_THE RECORDS_

== == ==

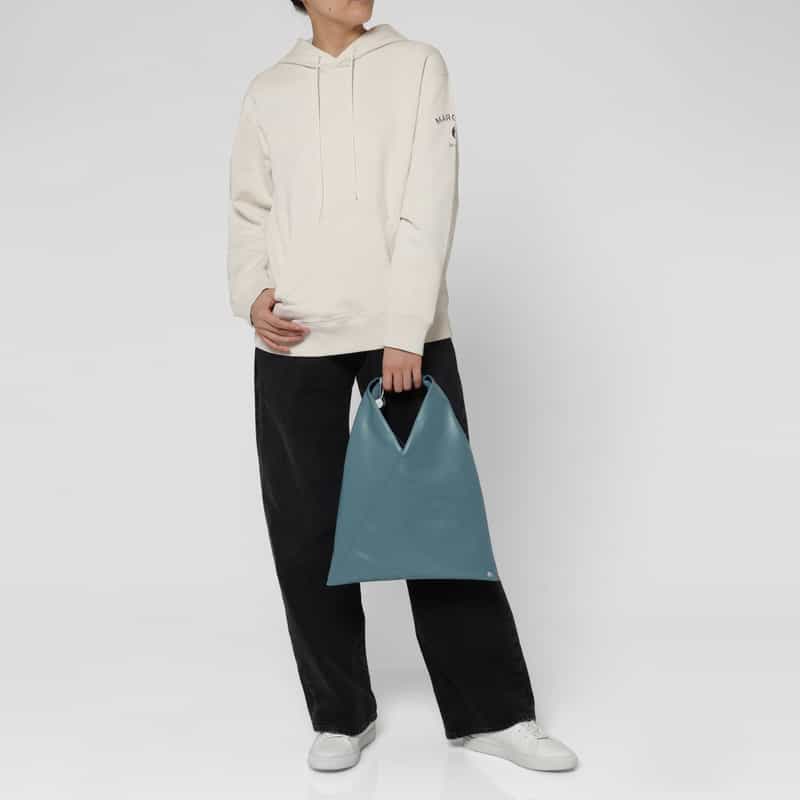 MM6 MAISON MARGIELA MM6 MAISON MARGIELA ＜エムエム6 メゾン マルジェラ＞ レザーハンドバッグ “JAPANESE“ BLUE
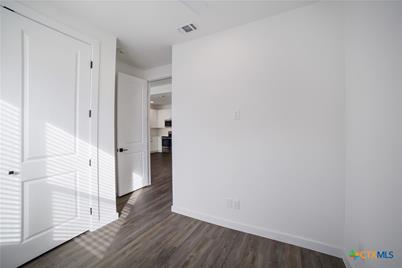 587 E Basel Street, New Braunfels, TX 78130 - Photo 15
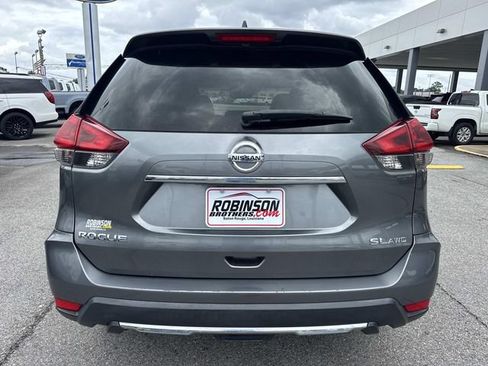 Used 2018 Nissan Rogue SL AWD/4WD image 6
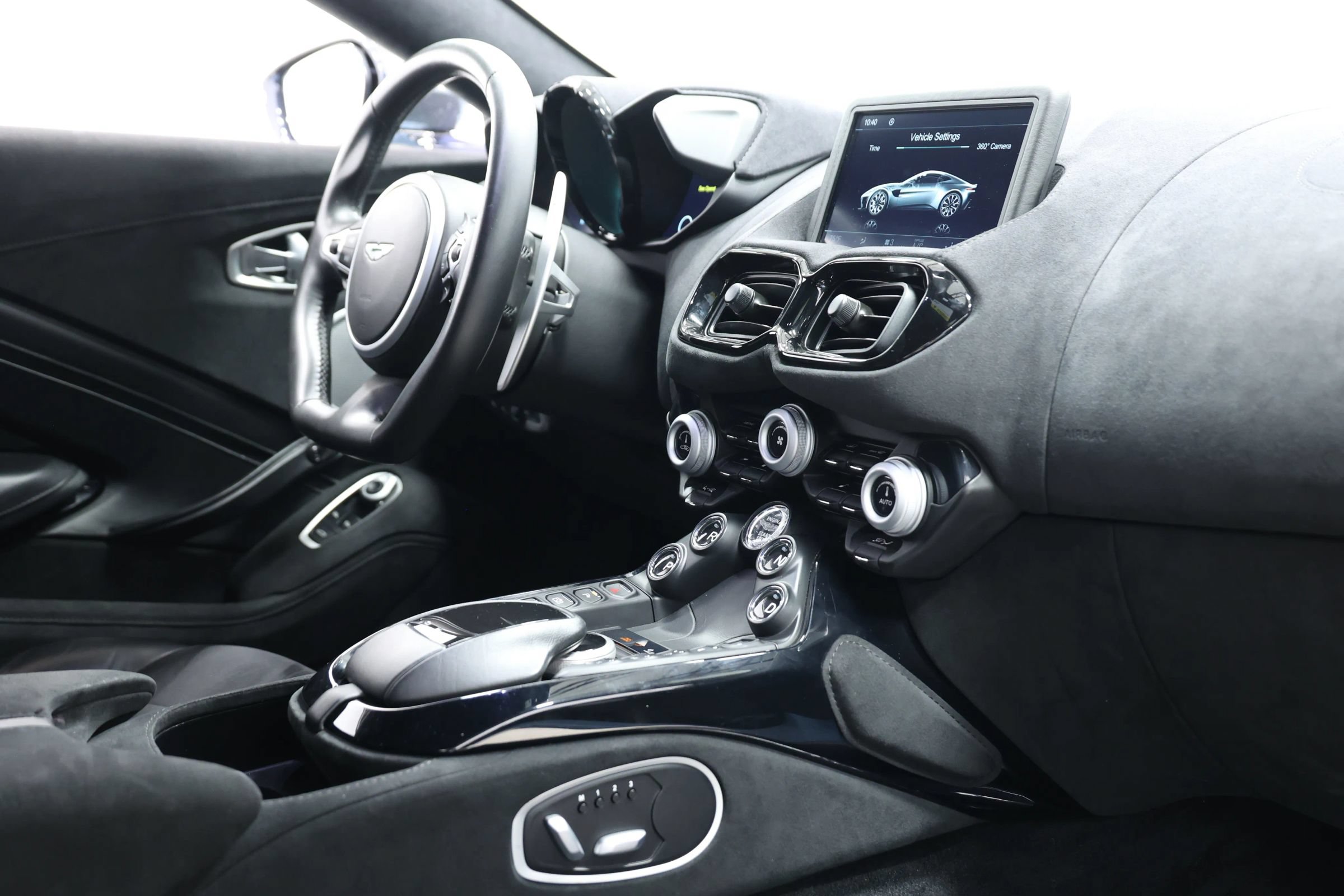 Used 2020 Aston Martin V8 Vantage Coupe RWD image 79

== == ==

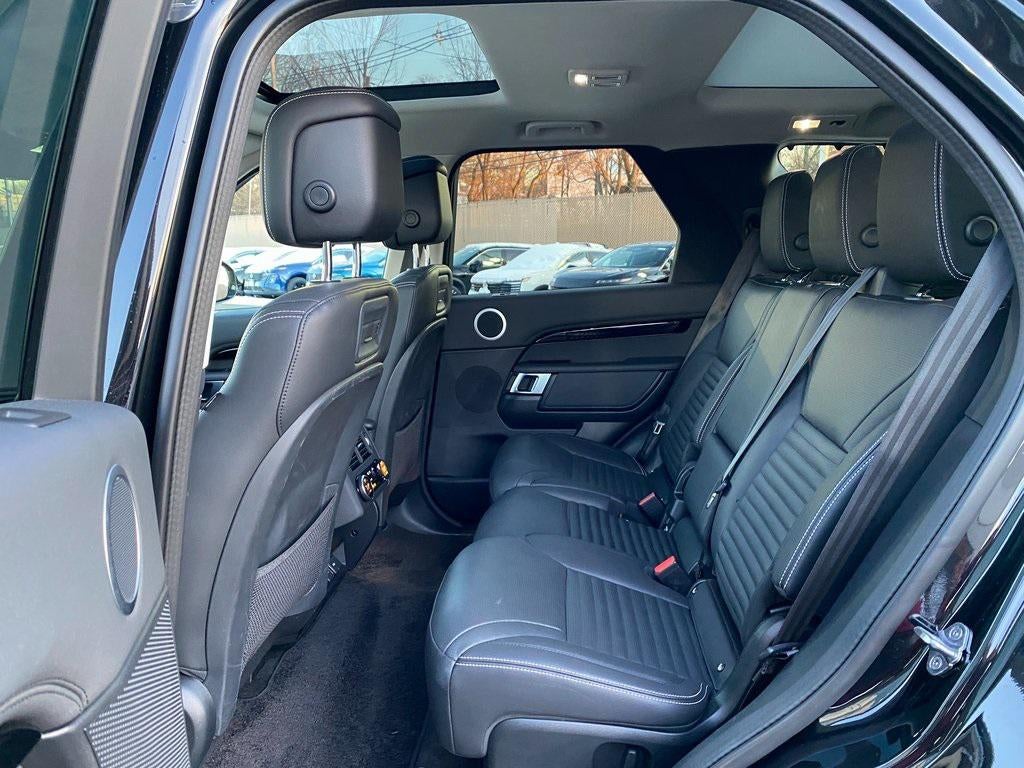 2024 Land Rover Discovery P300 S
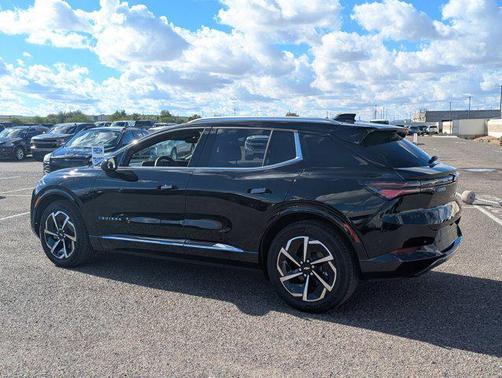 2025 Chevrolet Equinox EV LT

== == ==

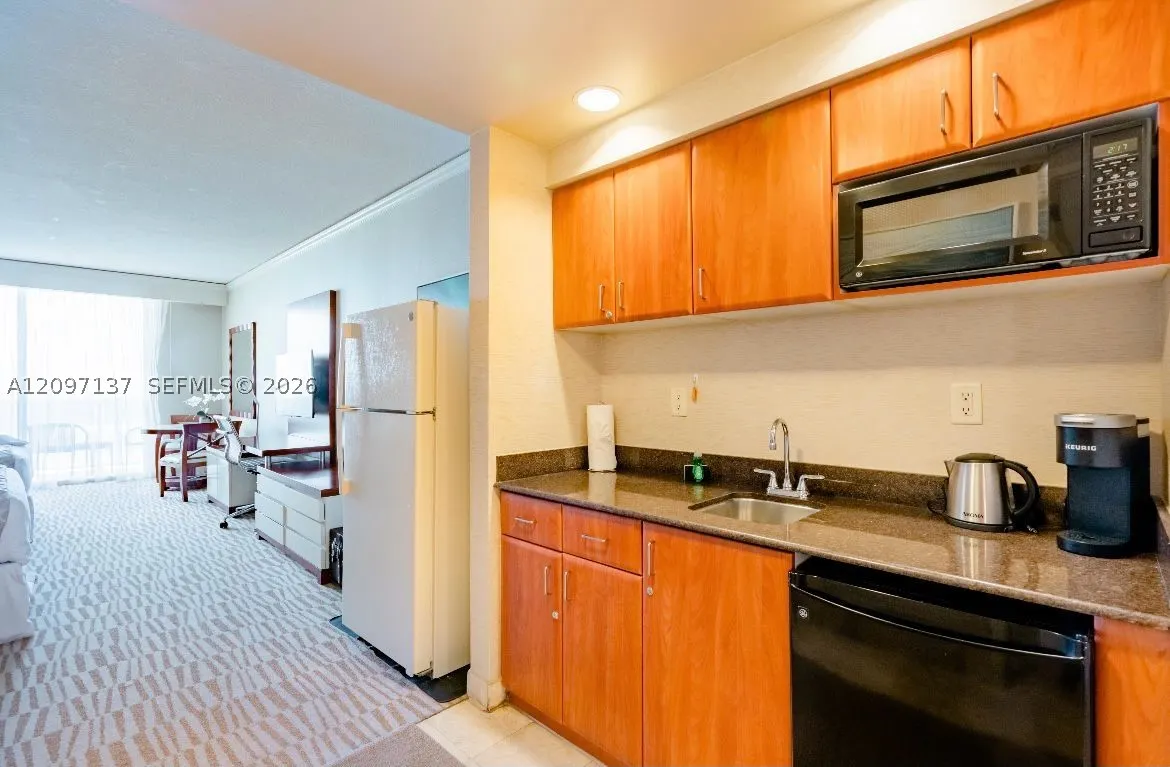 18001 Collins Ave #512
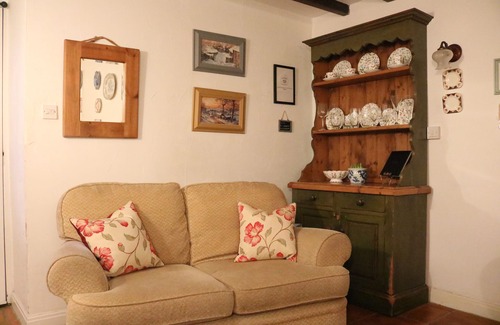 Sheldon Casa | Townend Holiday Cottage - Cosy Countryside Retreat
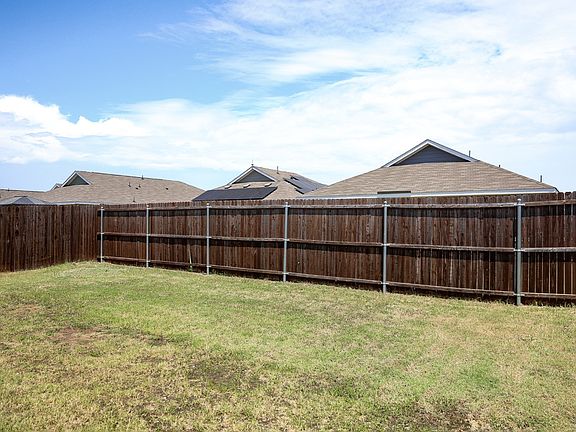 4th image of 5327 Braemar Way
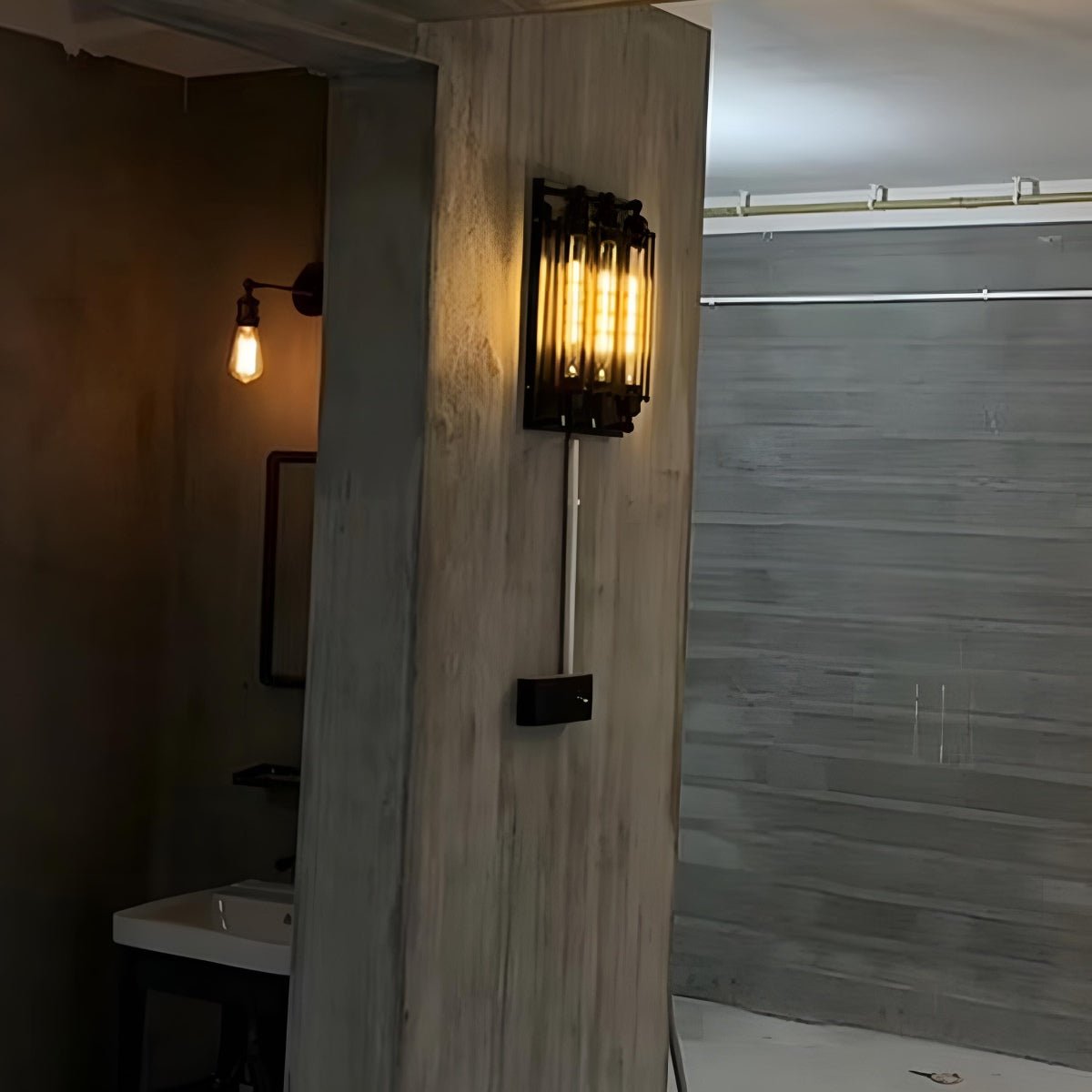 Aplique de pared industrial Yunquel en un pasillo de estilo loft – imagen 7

== == ==

_DIRECTIONS FOR THIS TASK_
The lines to copy exactly start with the line above that has "Used 2018 Nissan Rogue SL AWD/4WD image 6" and go on through the line that has "Used 2020 Aston"; please include both, add nothing else, and omit the pictures.

_RESPONSE TO THE TASK_
 Used 2018 Nissan Rogue SL AWD/4WD image 6
 Used 2020 Aston Martin V8 Vantage Coupe RWD image 79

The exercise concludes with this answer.